Her press statements on rising unemployment are always full of good cheer, and Dyson somehow seems blithely unaware of the gloomy economic conditions.
Back in May she caused something of a stir by putting out a press release headed “Labour Force Survey Reflects Stability In The Face Of Economic Challenges”. You’d have thought the unemployment rate had defied the economic downturn and things remained sunny. In fact, the survey reported the biggest jump in jobless in nearly 20 years.
Likewise, today’s next quarterly report on the unemployment rate, which finds an additional 7000 people have lost their jobs in the past three months and the unemployment rate now up another 0.2% to 3.9%, is welcomed by Dyson in a release entitled “New Zealand Economy in Good Hands”.
Ruth should have been a Minister when we had the Erebus crash. She may have done a press release highlighting the decline in carbon emissions due to no return trip!
I think Dyson’s skills are being wasted as Minister of Social Development – she could do wonders in the Treasury or the Reserve Bank. Under this minister, Treasury’s report this week warning of recession could have been headed up: “More good news likely on economy” and the bank’s gloomy predictions of 5%-plus unemployment could have been rewritten as “It’s all good here, too”.
Colin does go a bit fuzzy later on with petrol prices though:
Labour will be extremely grateful to whoever bugged the National Party conference for taking bad economic news off the front page. It’s even possible that today’s whitewash from Dyson’s Christchurch colleague Lianne Dalziel on petrol prices will equally disappear with nary a trace, given the media’s perchant for a decent whodunit.
It’s hard to swallow the minister’s recommendation that nothing needs to be done about regulating an industry making $11 billion profits a quarter because it is “fundamentally competitive” and that, essentially, the idea that petrol prices are fast to rise and slow to fall is simply a myth perpetrated by the media.
A more cynical journalist than myself might suggest that the government has several interests in not forcing down the price of petrol; for one thing, the GST take is much higher when prices are high, and for another, the high petrol prices are forcing some vehicles from the road, which is helping with emissions targets.
I think Colin is being a bit hard on Dalziel here.

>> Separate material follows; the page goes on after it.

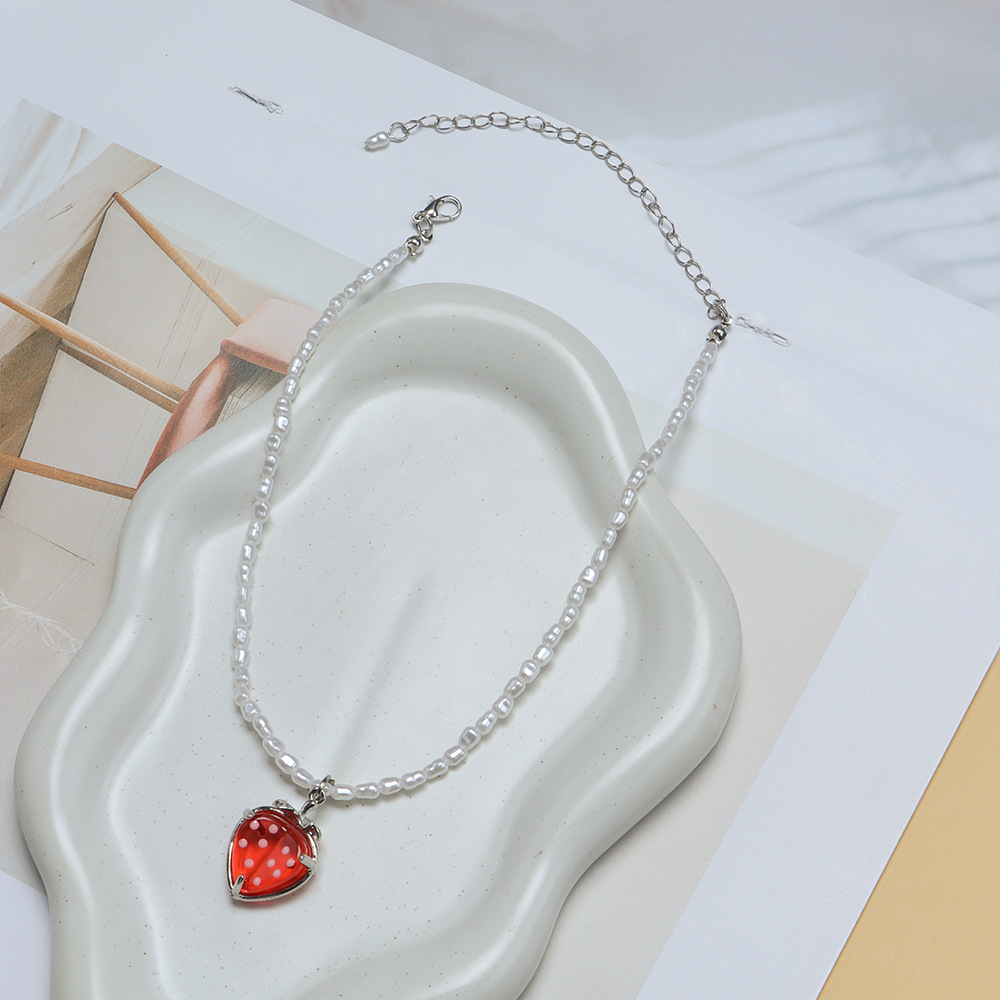 Strawberry heart pearl necklace colorful girl beaded lockbone chain for couple necklace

First of all the NZ oil companies do not make $11 billion profit a quarter. The NZ Govt has no power to regulate the global oil companies, which I presume that $11 billion refers to. It is a red herring figure. And a profit figure is meaningless anyway unless one knows what the turnover or capital was. An $11 billion profit on a $1 billion equity company is a universe different to an $11 billion profit on a $100 billion equity company.
Secondly it is a “myth perpetrated by the media” that higher petrol prices leads to much higher GST. Because the money spent on petrol is not spent on other goods and services, reducing GST collected there. Hence overall GST does not rise greatly, if at all, with higher petrol prices.
Colin is right though that the higher petrol prices may help with reducing carbon emissions.